Toronto. The SLR design dates back at least a century. Checkout the older Graflex cameras. Ken Metcalf on the west coast of the States published a newsletter devoted exclusively to Graflex models of all sizes. There is even a website!
Recently John Linsky sent out an email with a wikipedia link to the history of the modern digital variety of SLR – the DSLR which is the choice of camera makers like Nikon and Canon for models intended for both professionals and serious amateurs. I use a mirrorless Sony camera with an APS-C sensor since an adaptor lets me use some Leica gear I have on hand.

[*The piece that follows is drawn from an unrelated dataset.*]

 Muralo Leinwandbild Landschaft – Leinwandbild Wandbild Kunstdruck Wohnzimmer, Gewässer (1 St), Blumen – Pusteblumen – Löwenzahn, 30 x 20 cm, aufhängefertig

My first serious 35mm camera was the Exakta Varex IIa shown above. I bought it along with two other lads working at the site in Labrador. We bought from a dealer in Drummondville the summer of 1958. Leica had come out with the M series in 1954 but I had only seen IIIf Leicas with their tiny f/3.5 lenses and squinty viewfinders. Besides an Exakta with an f/2 lens and many more features was over $100 more expensive!
About 14 years later I switched to a Leica M4. My eyesight wasn’t up to doing any critical focussing with my Exakta by then, especially in dim light. The M4 had a bright viewfinder with a nearly life-size image and a crisp accurate viewfinder.
The SLRs of the 1950s and 1960s used preset lens apertures and manual mirror resets after exposure. The Japanese camera makers were first to come up with an instant return mirror SLR design and as they went from imitation to innovation, they decimated the other cameras on the market including German cameras.